Armed with this evidence of relationships between product sizes, store locations, and consumer demand, Khan and Jain were able to calculate the specific influences of second- and third-degree price discrimination on profits (see Table 1). They estimated that Dominick’s weekly store profits would bottom out at $67,000, down from $75,000, if the company switched from its existing pricing strategy to one that ignored discrimination altogether, keeping the price per pill the same across all package sizes and all stores. In contrast, combining second- and third-degree price discrimination could increase profits by roughly 35 percent, topping off at $92,000 per week.
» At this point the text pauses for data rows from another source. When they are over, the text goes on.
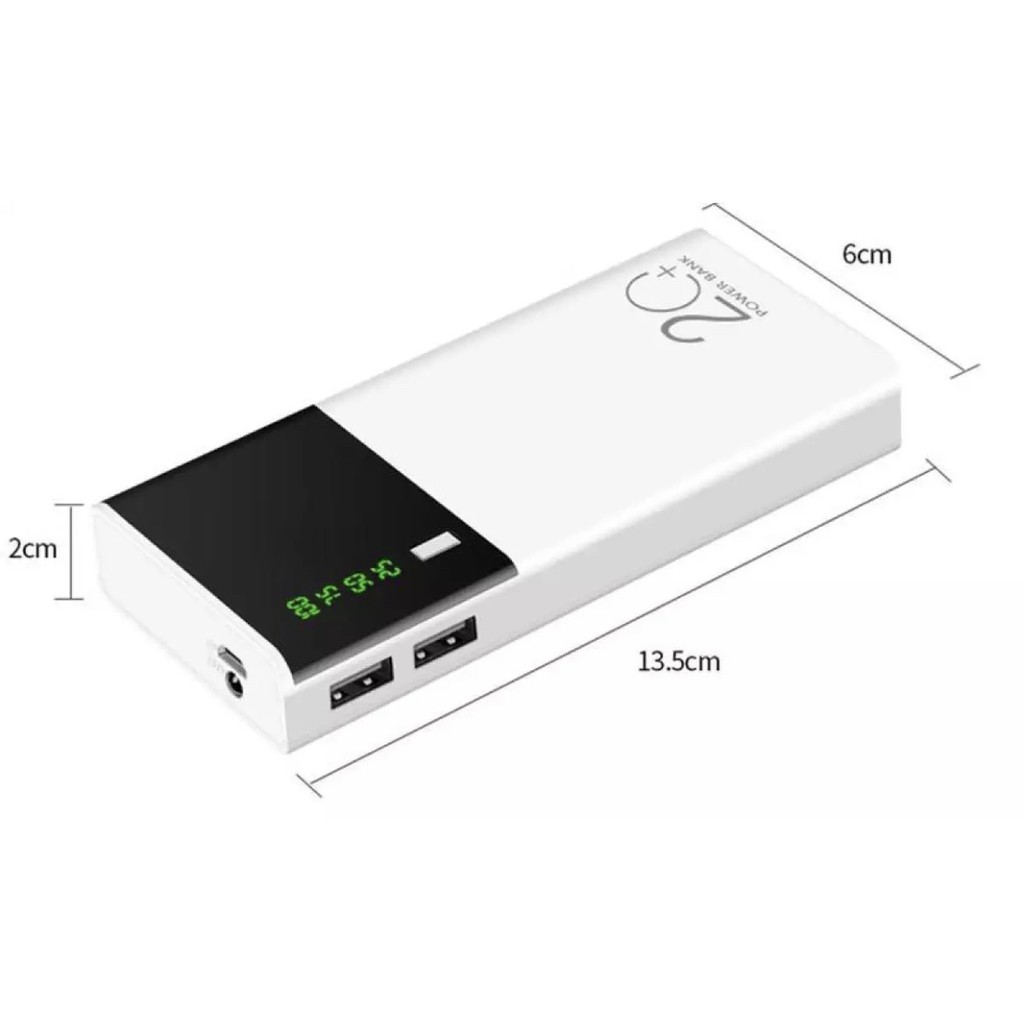 Pin Sạc Dự Phòng SS 20.000 mAh Mẫu Mới Cực Đẹp - Tặng kèm cáp sạc - Sạc 2 đầu, Đèn Led Hiển Thị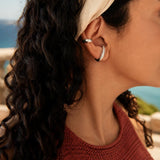 Silver Organic Single Ear Cuff, Second Piercing Earring, Chunky Minimal Stud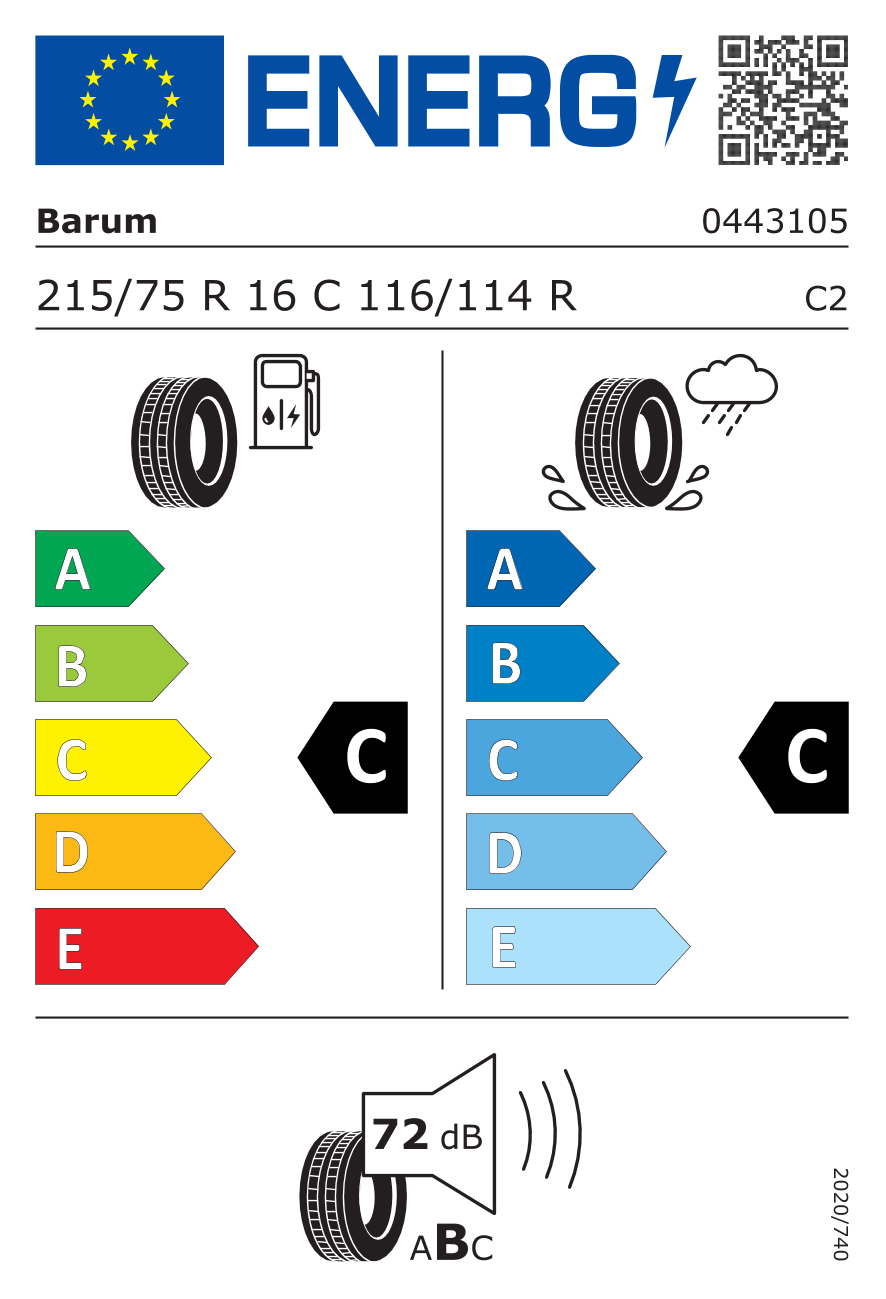 Etichetta Europea Barum Barum 215/75 R16C 116/114R VANIS 3 pneumatici nuovi Estivo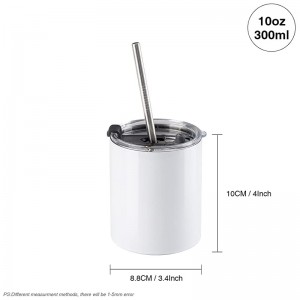 10 OZ Sublimation Blank Tumbler White Stainless Steel Tumbler nga adunay Straw ug Taklob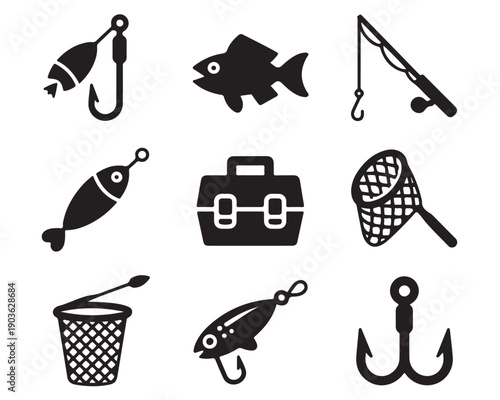 Set of fishing icons including hook lure rod net tackle box fish float and anchor symbol for sport or hobby vector silhouette collection
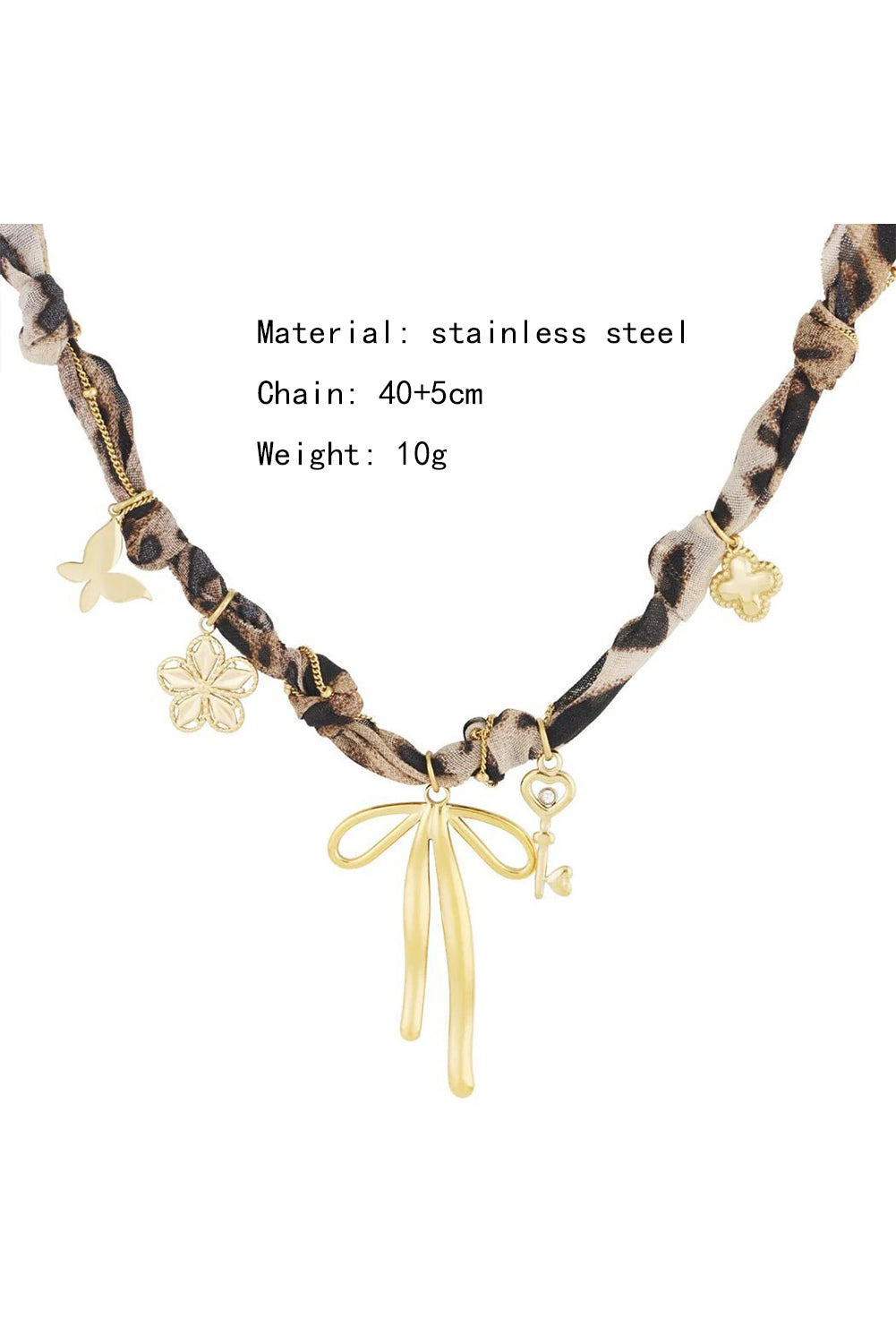 Gold Heart Cross Flower Bow Charm Leopard Scarf Necklace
But second-degree discrimination alone could improve upon the nondiscriminating strategy by nearly 30 percent, lifting profits to $86,000, while third-degree discrimination alone could raise profits by only around 10 percent, to $73,000.
This work clearly shows that while a combination of second- and third-degree discrimination is optimal, the benefit of offering only quantity discounts is far greater than that of store-to-store pricing alone. In addition to having a greater impact on profit, second-degree discrimination is much easier to implement. Central managers can save time and effort by focusing on a single set of prices to be applied across all stores, rather than tweaking prices from one neighborhood to the next.
“Many people will say, ‘This doesn’t surprise me,’” acknowledged Jain. “But the real beauty of the paper is that it’s a methodological demonstration of why this works and how it can be done. It’s no longer hearsay or intuition.”
Encouraged by these findings, Jain described plans to expand upon and apply this research. “I’m now looking at how price promotions can be a way to prevent cannibalization,” he said. “Suppose you offer product X, then launch product Y. If some of your customers who bought X switch to Y, you’ve cannibalized your own X.”
“For example,” continued Jain, “a single company owns Gap, Old Navy, and Banana Republic. Let’s devise a price mechanism such that a Gap customer might buy from Banana Republic, but won’t go to Old Navy thinking he or she can get the premium value at a cheaper price. You want customers to trade up, not down.”
In the vibrant world of retail sales, where striking the right balance between such “traders up” and “traders down” can mean the difference between bonuses and bankruptcy, this work by Khan and Jain adds some much needed rigor to our understanding of some traditional pricing practices.
Khan, Romana J., and Dipak C. Jain (2005). “An Empirical Analysis of Price Discrimination Mechanisms and Retailer Profitability.” Journal of Marketing Research, 42(4): 516-524.